Photo: Drew Angerer/Getty Images

Last year, representatives of Silicon Valley attended the first of what would become semi-regular meetings with Congress, open hearings in which the companies were criticized and prodded over a number of distinct issues: foreign election meddling, hate speech, censorship and privacy. Following those initial hearings and the lines of questioning on display, I thought Congress was on the cusp of an important realization: that these companies are simply too broad in scope, too large in scale, to address any of these issues effectively. Our representatives haven’t gotten there yet.

Almost a year later, nothing has changed. After other hearings of varying seriousness this year — witnesses ran the gamut from Facebook President and CEO Mark Zuckerberg to YouTube stars Diamond and Silk — Congress and Big Tech now perpetually recycle the same dialogue in each meeting.. The tech companies say they are aware of the problems, could’ve done better, and will do more. The Congressional representatives respond with veiled threats of regulation: moves like breaking up the companies, or revisiting the shield laws that limit platform liability for user-submitted content. And then little happens and everything resets on the next go around. This is because both the interrogators and those being interrogated like to speak of these issues in vague terms, either because they don’t entirely grasp the issue or because they want to avoid saying anything too definitive.

Today in front of the Senate Intelligence Committee, Facebook COO Sheryl Sandberg and Twitter CEO Jack Dorsey fielded questions ostensibly about foreign election meddling but, as the hearings always tend to go, were actually about a kludge of messy issues (Google was invited but didn’t appear, earning condemnation from the committee). For Sandberg, the hearing was about expressing Facebook’s commitment to stopping — and being transparent about — “inauthentic behavior.” For Dorsey, it was about emphasizing Twitter’s commitment to bolstering the “health of conversation” on his platform.

What do these terms even mean? It’s unclear. “Inauthentic behavior,” according to Sandberg’s opening statement, means that the accounts “misled others about who they were and what they were doing.” That is, by design, an unspecific definition.
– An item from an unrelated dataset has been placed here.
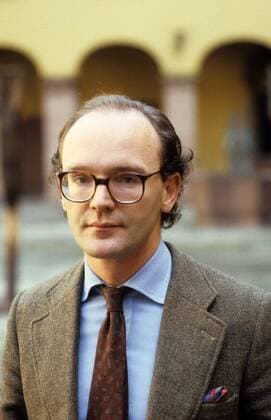 Martin Mosebach (Autor) 10 85 hör Martin Mosebach auf der Buchmesse 1985 in Frankfurt Main Deutschland deutsch Deutscher Mann Schriftsteller Literatur Roman Jurist Film-Drehbuch Theaterstück Theater Hörspiel Reportage Erzählung Feuilleton Messe Ausstellung Präsentation Werke Bücher Buch Halbglatze kurzhaarig dunkelhaarig Brille Brillenträger Anzug Krawatte Hemd Sakko Jackett Einstecktuch neutral hoch Portrait Außenaufnahme außen draußen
It’s what lets Facebook try to ferret out sock-puppet accounts from Russia without also shutting down the page for The Onion. Trying to judge whether behavior is “inauthentic” is a lot like trying to determine whether one of Trump’s falsehoods is a “lie”” – it’s difficult to determine intent. If the only difference between an American and a foreign user posting the same Black Lives Matter meme is intent, then maybe the metric needs to be reconsidered.

Dorsey’s endorsement of “healthy conversation” is similarly vague. A healthy conversation could mean exposing democratic socialists to alt-right Twitter users and vice-versa, or it could mean siloing each group entirely. Does showing users more factual news, even if personally distressing, count as healthy or harmful? Dorsey didn’t really say and the Senators didn’t push him on it.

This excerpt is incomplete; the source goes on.